## PROBLEM DESCRIPTION
Return all of the entries below, word for word. Omit each picture.

## EXERCISE INPUT
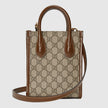GUCCI Women's Mini Tote Bag with Interlocking GG image 3
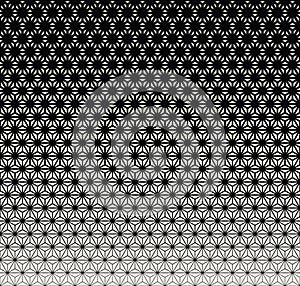 Sacred geometry halftone triangle graphic pattern print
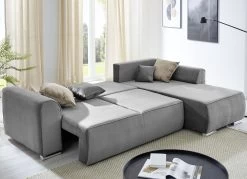 Ansprechende Polsterecke Mit Bettfunktion -Haushaltsgegenstände Geschäft ansprechende polsterecke mit bettfunktion farbe hellgrau 3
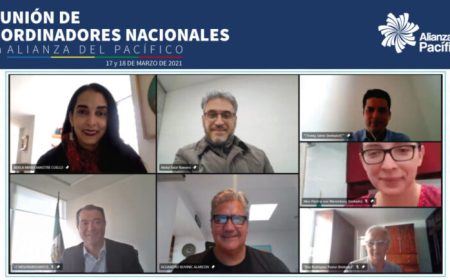 Coordinadores Nacionales se reúnen virtualmente en el marco de la 40.ª Ronda de Grupos Técnicos y Comités de la Alianza del Pacífico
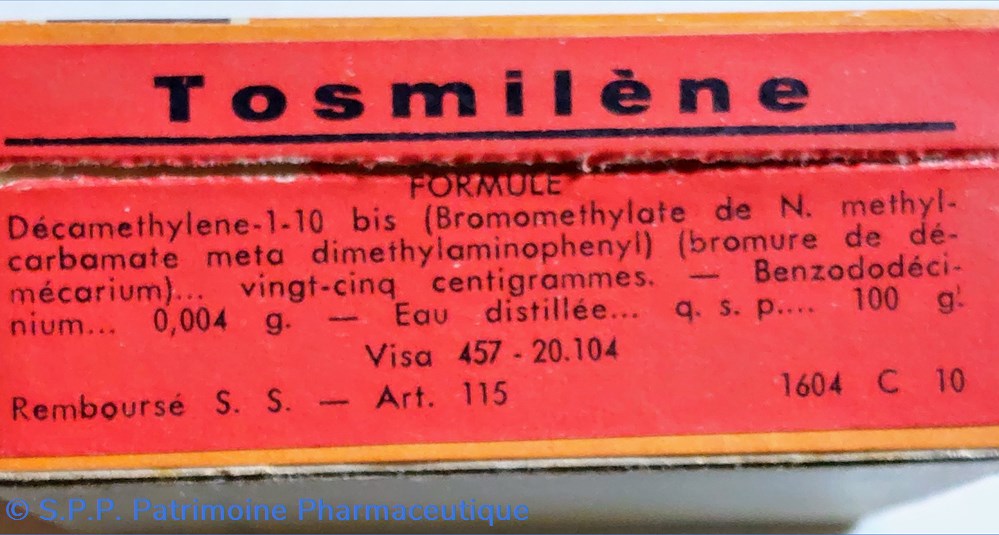 COLLYRE TOSMILÉNE CHIBRET 2 science pharmacie collyre tosmilene chibret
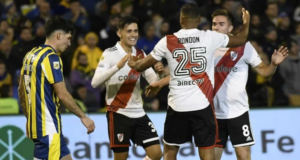 En un gran partido River, con un equipo alternativo, empató en Rosario con Central
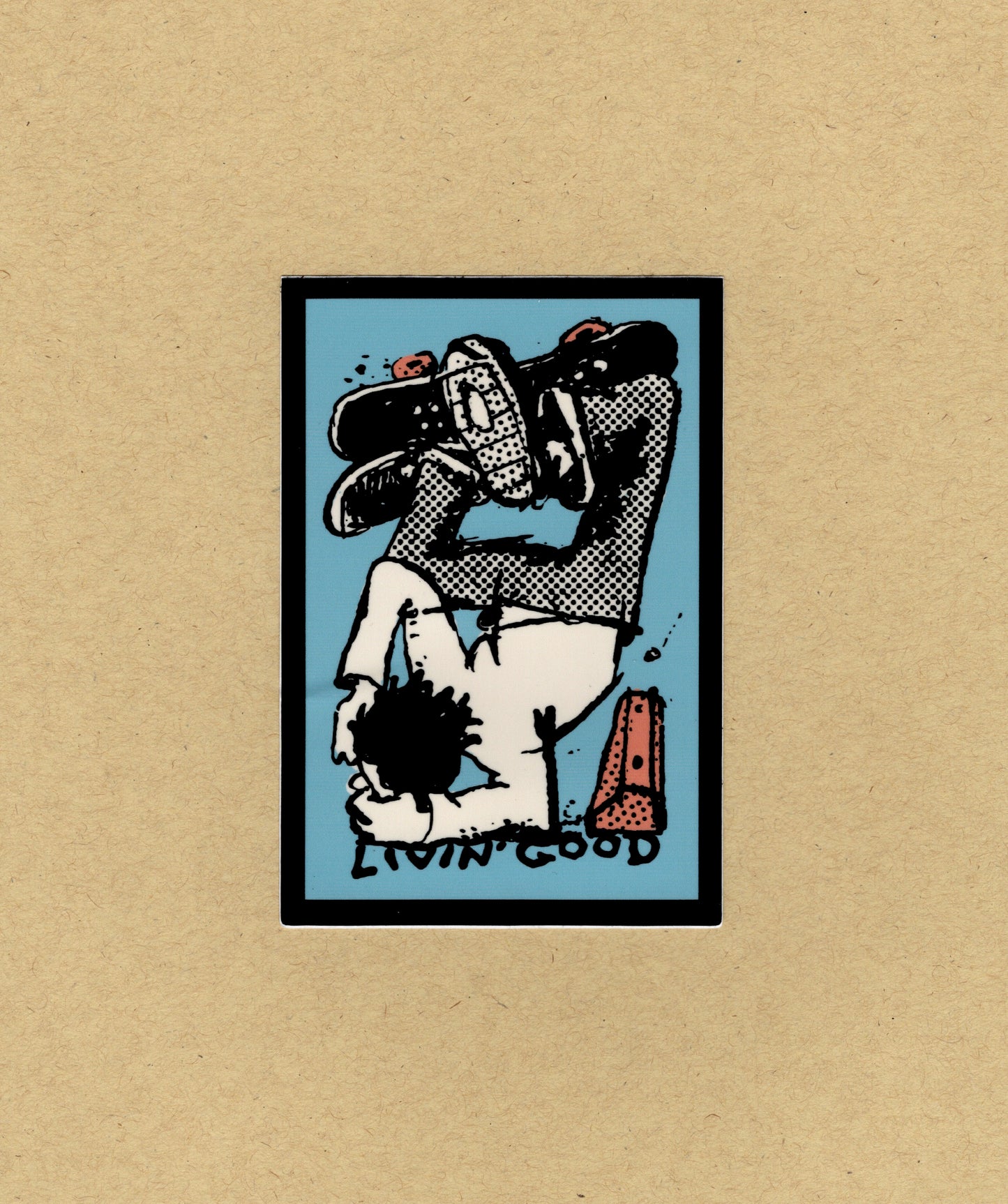 Skate Stoned Sticker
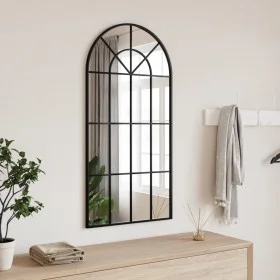 Black iron arch wall mirror 50x100 cm by vidaXL, Mirrors - Ref: Foro24-358626, Price: 76,96 €, Discount: %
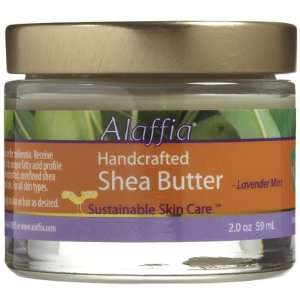  Alaffia Handcrafted Shea Body Butter, Lavender Mint, 2 oz 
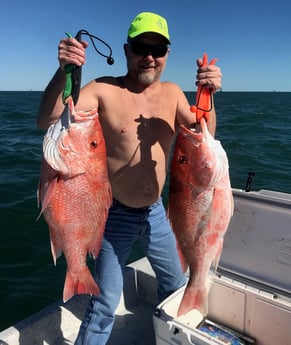 Red Snapper fishing in Port O&#039;Connor, Texas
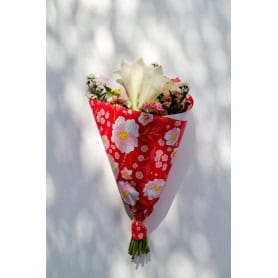 Rouleau de kraft blanc rose - Olga - Emballage - Grossiste
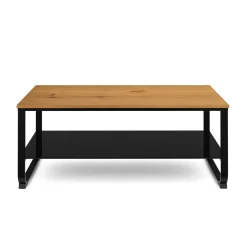 Beistelltisch JUSTUS 105 x 55 x 45 cm braun/schwarz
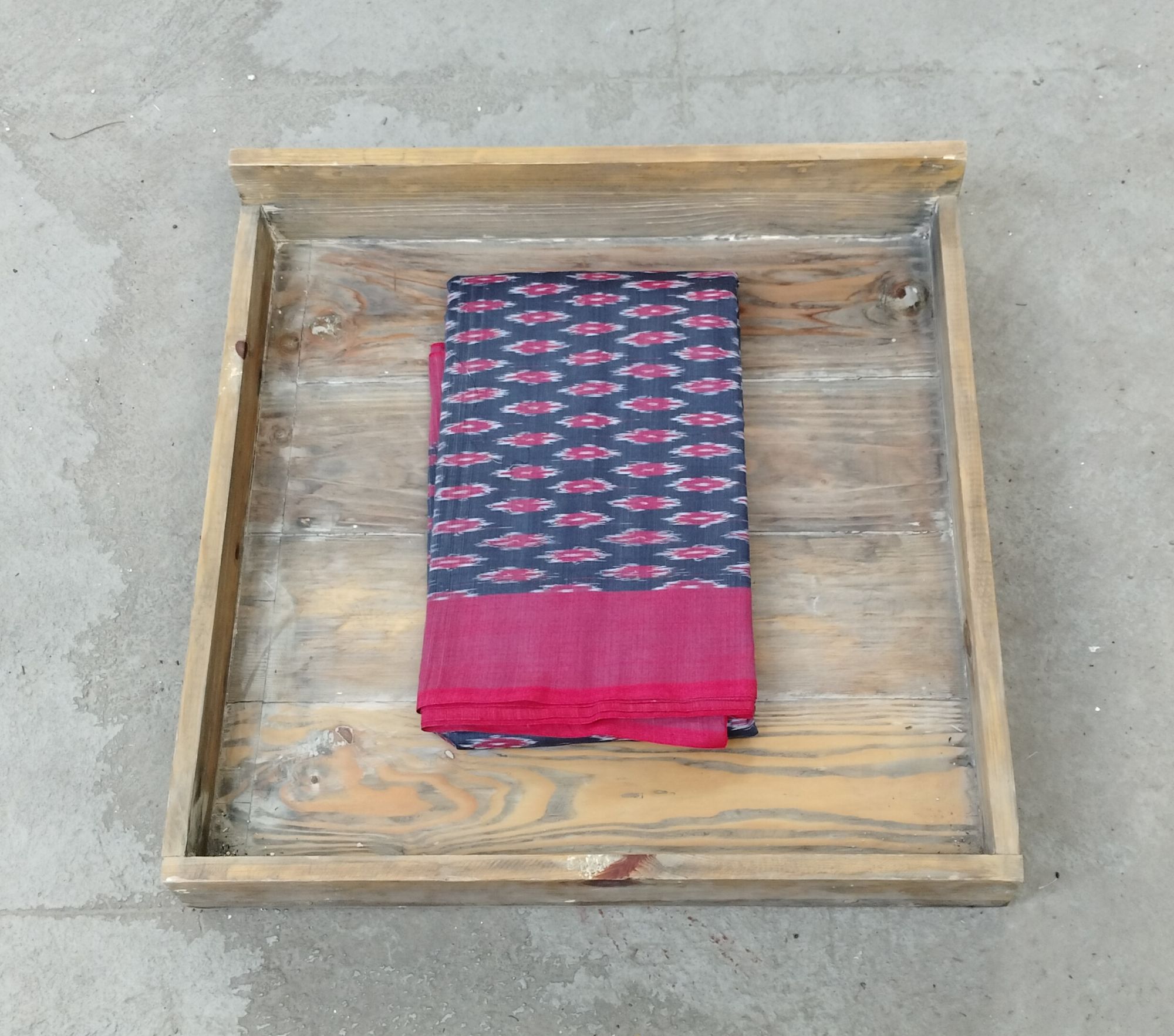 Pochampalli Ikkat Cotton Saree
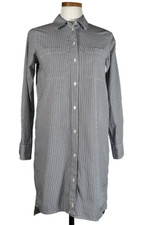 EVERLANE Cotton STRIPED Button Front PREPPY Shirting SHIRT Dress Sz 4 Fall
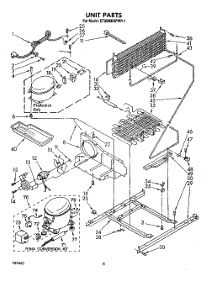 05 - Unit parts for Whirlpool Refrigerator ET20MKXPWR1 from AppliancePartsPros.com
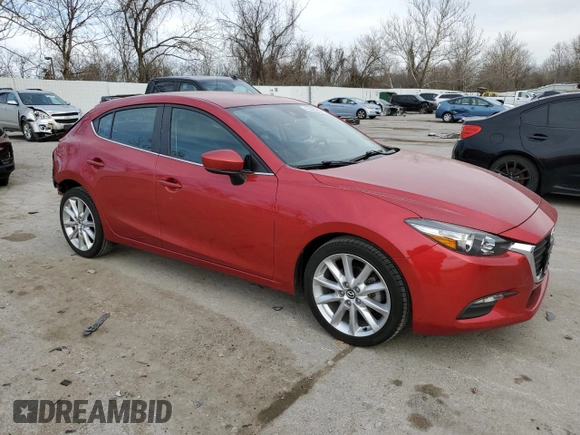 2017 Mazda 3 Touring with VIN 3MZBN1L73HM153762, listed as a Copart auction lot 49326285 with 62,438 mi miles and Salvage Title. Bid and sale history available at carsss.com. Image 4.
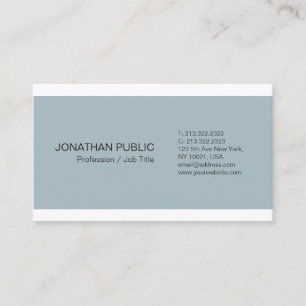 Minimalistic Elegant Director Manager Consultant Business Card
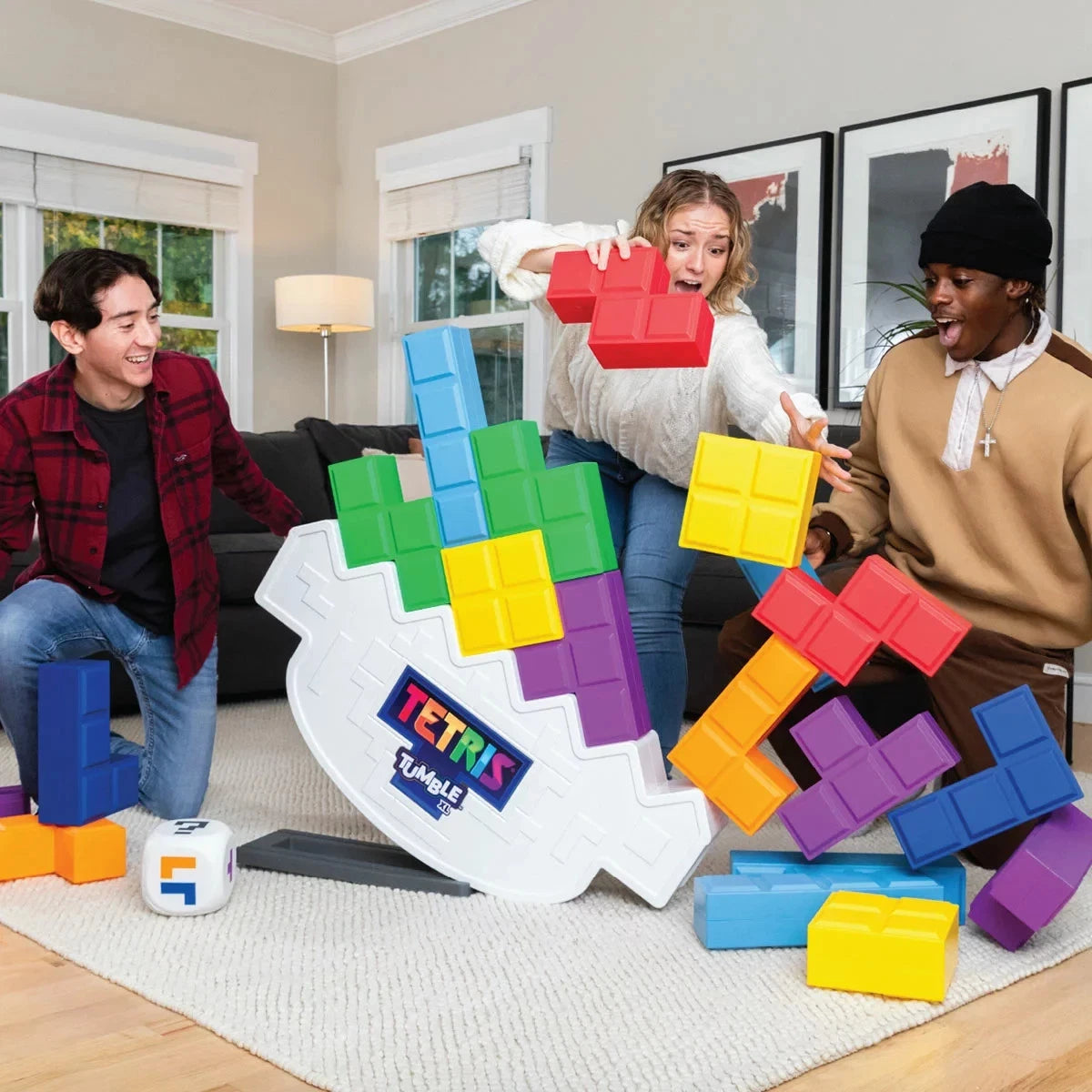 Tetris XL Tumble Game Giant Tetris Garden Game 6ft (1.8m)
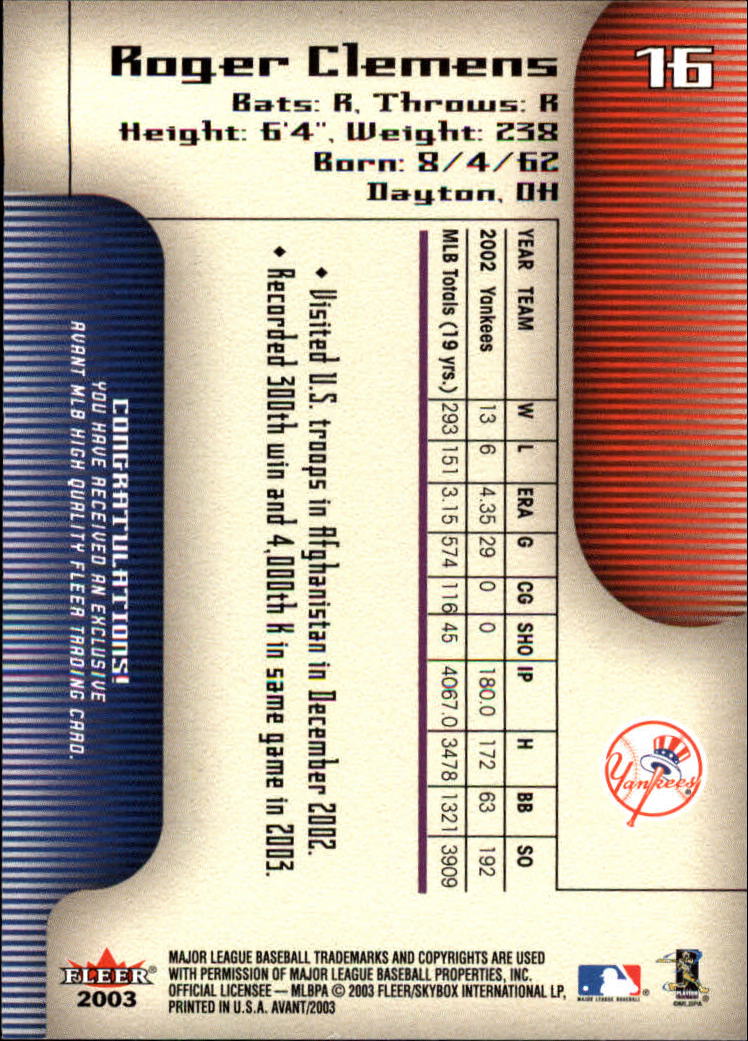 2003 Fleer Avant Baseball "Main Set" Cards #1 to #87 - Picture 30 of 130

## EXPECTED OUTPUT
GUCCI Women's Mini Tote Bag with Interlocking GG image 3
 Sacred geometry halftone triangle graphic pattern print
 Ansprechende Polsterecke Mit Bettfunktion -Haushaltsgegenstände Geschäft ansprechende polsterecke mit bettfunktion farbe hellgrau 3
 Coordinadores Nacionales se reúnen virtualmente en el marco de la 40.ª Ronda de Grupos Técnicos y Comités de la Alianza del Pacífico
 COLLYRE TOSMILÉNE CHIBRET 2 science pharmacie collyre tosmilene chibret
 En un gran partido River, con un equipo alternativo, empató en Rosario con Central
 Skate Stoned Sticker
 Black iron arch wall mirror 50x100 cm by vidaXL, Mirrors - Ref: Foro24-358626, Price: 76,96 €, Discount: %
  Alaffia Handcrafted Shea Body Butter, Lavender Mint, 2 oz 
 Red Snapper fishing in Port O&#039;Connor, Texas
 Rouleau de kraft blanc rose - Olga - Emballage - Grossiste
 Beistelltisch JUSTUS 105 x 55 x 45 cm braun/schwarz
 Pochampalli Ikkat Cotton Saree
 EVERLANE Cotton STRIPED Button Front PREPPY Shirting SHIRT Dress Sz 4 Fall
 05 - Unit parts for Whirlpool Refrigerator ET20MKXPWR1 from AppliancePartsPros.com
 2017 Mazda 3 Touring with VIN 3MZBN1L73HM153762, listed as a Copart auction lot 49326285 with 62,438 mi miles and Salvage Title. Bid and sale history available at carsss.com. Image 4.
 Minimalistic Elegant Director Manager Consultant Business Card
 Tetris XL Tumble Game Giant Tetris Garden Game 6ft (1.8m)
 2003 Fleer Avant Baseball "Main Set" Cards #1 to #87 - Picture 30 of 130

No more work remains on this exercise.